One such problem is the famous “one-dollar problem.”
This isn’t a cheap version of the famous seven Millennium Problems; the one-dollar problem originates from a simple “social” game. An auctioneer offers a dollar to the highest bidder. Bids must increase by at least 5 cents. However, unlike standard auctions, there’s an additional rule: the second-highest bidder must still pay their bid.
For example, if Eve offers her dollar, Bob bids 10 cents, and Alice bids 15 cents, Alice will win the dollar if everyone stops bidding. Alice will pay her 15 cents, while Bob must still pay his 10 cents. If a third participant, Charlie, enters and bids 20 cents, and no one raises the bid further, Charlie will win the dollar for 20 cents. Alice will still have to pay her 15 cents, while Bob, being the third-highest bidder, won’t pay anything.
This small additional rule, requiring the second-highest bidder to pay, seems harmless but generates true paradoxes where participants bid far more than one dollar to try to win it.
The social mechanism at play begins with a desire not to lose face: when two acquaintances compete for the prize, giving up might be seen as a sign of weakness. Additionally, a sense of having already invested too much to quit develops.
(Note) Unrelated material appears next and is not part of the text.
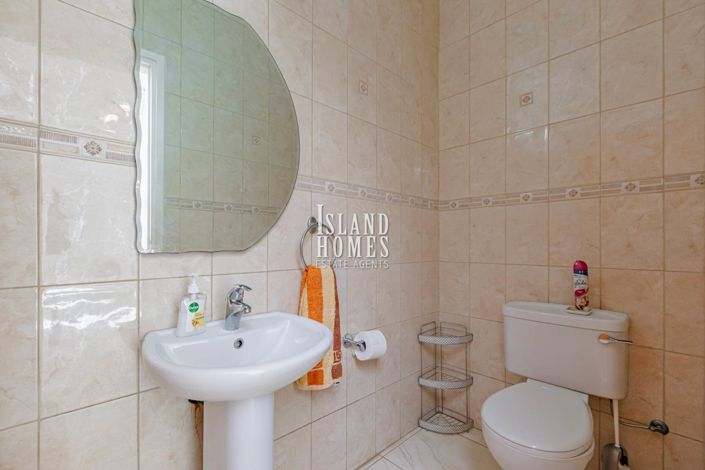 Image No.18-4 Bed Villa / Detached for sale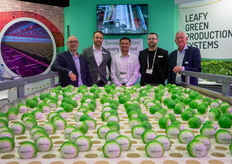 Een kleine discussie met het Viemose-team - moet de nadruk liggen op de bedrijfsnaam...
For instance, if someone bids 70 cents and gets outbid, they might think, “I’ve already invested 70 cents; adding another 10 to bid 80 cents is a small cost compared to winning the dollar.” However, this short-sighted and opportunistic reasoning perpetuates itself in a cycle.

In its simplicity, this model reflects much more complex and frequently occurring real-life situations. It was extensively studied by mathematician and sociologist Martin Shubik, who named it “The Dollar Auction Game.” In various studies, it was observed that, in many cases, bids could even exceed $20!
This small problem is a lesson in decision-making: we should not base our choices solely on how much we’ve already invested. Instead, we must look ahead and consider whether continuing will truly improve the situation.